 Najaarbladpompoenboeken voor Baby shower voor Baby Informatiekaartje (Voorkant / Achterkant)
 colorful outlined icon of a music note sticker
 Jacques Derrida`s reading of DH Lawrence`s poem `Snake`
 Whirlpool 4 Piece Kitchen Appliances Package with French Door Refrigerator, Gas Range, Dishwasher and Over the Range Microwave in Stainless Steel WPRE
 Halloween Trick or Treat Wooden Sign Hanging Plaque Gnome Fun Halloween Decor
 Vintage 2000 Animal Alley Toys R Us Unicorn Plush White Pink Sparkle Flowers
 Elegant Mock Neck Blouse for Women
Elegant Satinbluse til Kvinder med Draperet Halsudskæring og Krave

--

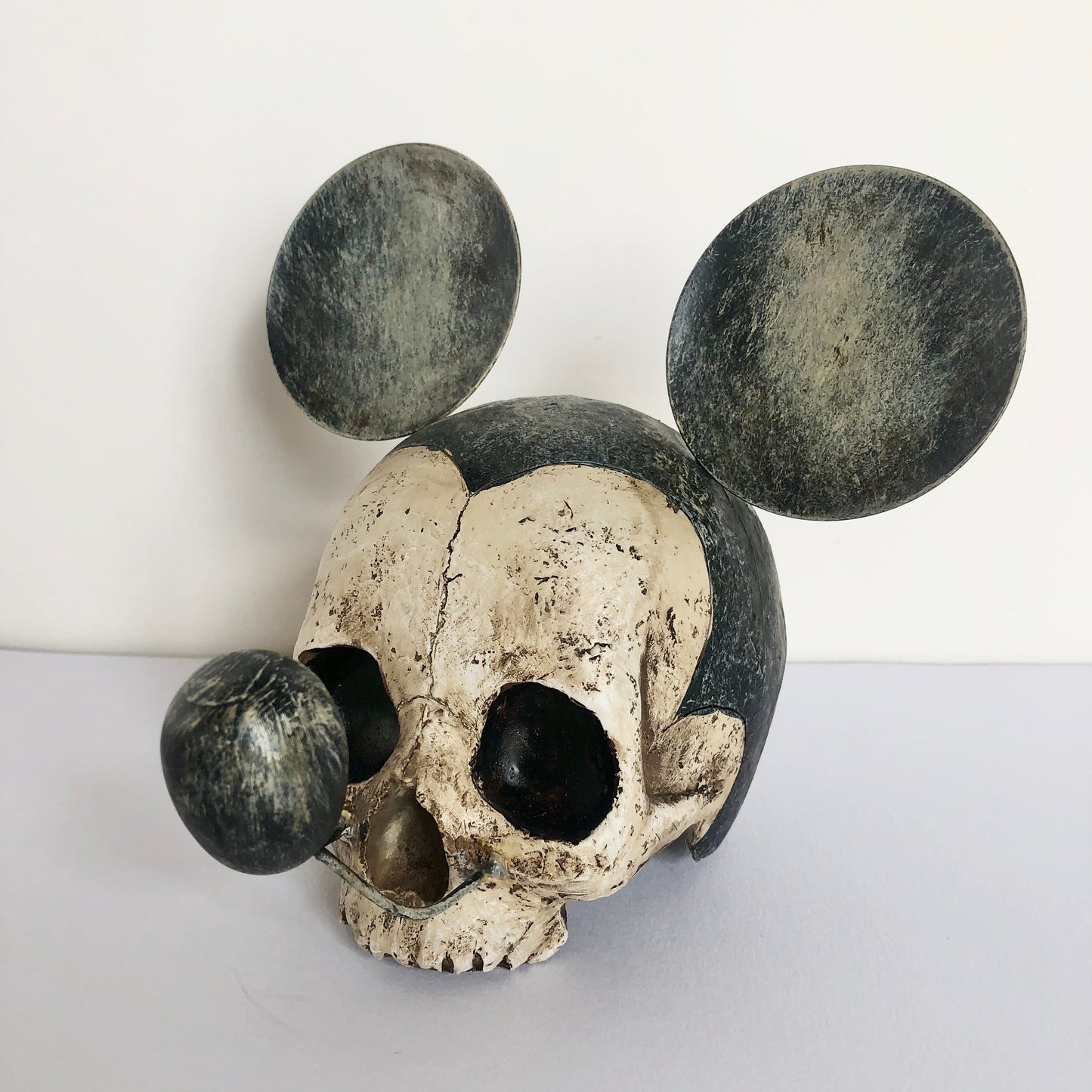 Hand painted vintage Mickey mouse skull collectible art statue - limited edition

ACTION ITEM —
Copy out each line from the preceding entries that mentions the word "Elegant".

RESULT OF THIS TASK —
 Elegant Mock Neck Blouse for Women
Elegant Satinbluse til Kvinder med Draperet Halsudskæring og Krave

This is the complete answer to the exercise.